It’s the New Testament’s Most Frequent Instruction, and American Christians Don’t Even Know It’s There

By Tom Gilson Published on March 9, 2022

Why has American Christianity grown so weak? It’s because of sin, and especially one in particular. Not the sin you’re probably thinking of, though. It’s one you may never have thought was sin.

There’s nothing even slightly hidden about this instruction in the Bible. It’s the most frequently taught theme in the whole New Testament. It’s in the Great Commandment. Disobedience to it earned one group the most stinging rebuke in all the New Testament epistles. The Church as a whole is disobeying it right and left, yet totally oblivious to it.

What is this long-forgotten sin? Intellectual laziness. It’s the failure to keep learning. To keep growing in knowledge. To pursue God with all our minds.

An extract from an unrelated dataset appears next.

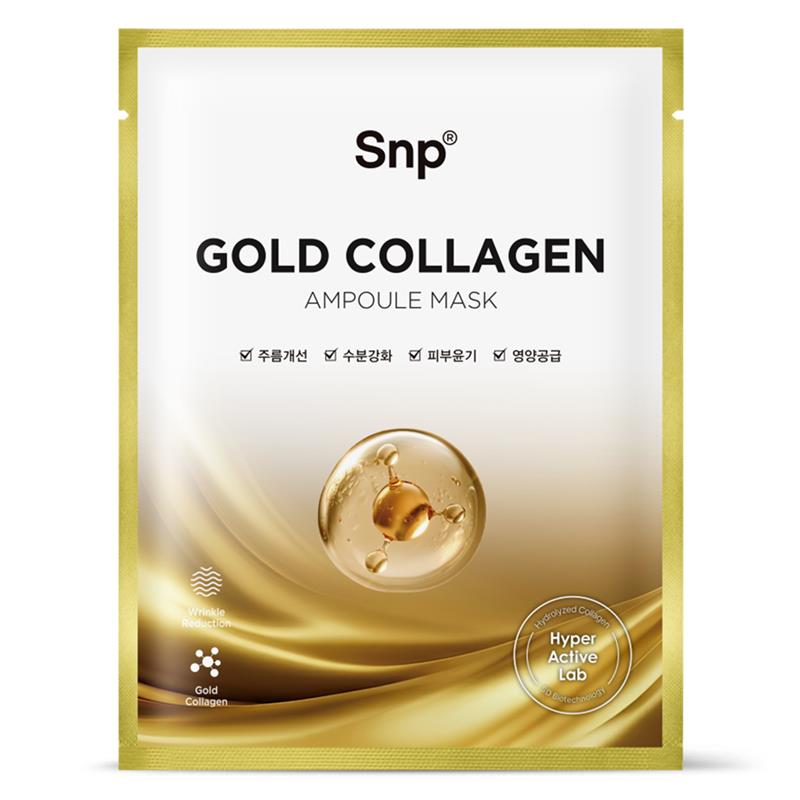 Masca Anti-Aging SNP Gold Collagen Ampoule Mask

And I’ll bet you never thought of that as sin. But it is.

Yes, We’re Lazy

The Church is definitely lazy. We’re not learners. We’re not disciples. (The word means “student.”) Most of our sermons are mere reminders of what we already knew, and besides that, who remembers on Tuesday what the preacher said on Sunday, anyway?

Some very earnest churches still have Sunday School for adults, but how many treat it as school, as a place of serious learning? How many classes have review sessions? How many give quizzes and tests?

Surveys show that only about one-in-ten self-identified Christians knows and believes the most basic truths of the Christianity. This isn’t a failure of faith, or prayer, or giving, or mercy. It’s a failure of knowledge.

Yes, It’s Sin

Maybe you question whether learning and knowledge are such a big deal in God’s eyes. Re-read the Great Commandment. Or count how often the Bible mentions it, and compare it to some obvious virtues like faith and love.

I did that count, with the help of Bible software, and I found that the New Testament mentions knowing, learning, and studying two to two-and-a-half times in every chapter, on average. That’s about 66 percent more often than it speaks love and/or compassion, and about 17% more than faith, trust, and/or belief.

We don’t weigh doctrines by numbers, obviously. No one’s saying knowledge is 66 percent more important than love. The problem is that we’ve been treating it as about 85% less important. This cannot be right.

His primary revelation to His Church comes in the form of a book. That really ought to tell us something. As I say, with intentional irony, “You’d think if God had intended us to study, He would have given us a book to read or something.” 

This Sin Has Crippled Us

We have suffered greatly and lost much on account of this sin. Consider what happens, for example, when the world calls us “bigoted” or “intolerant” for thinking Christ is God’s only way of salvation. There’s social pressure behind that charge, but it’s mostly a matter of what we think to be true, and what we have studied enough to be sure is true. Surveys show Christians are caving badly on that issue.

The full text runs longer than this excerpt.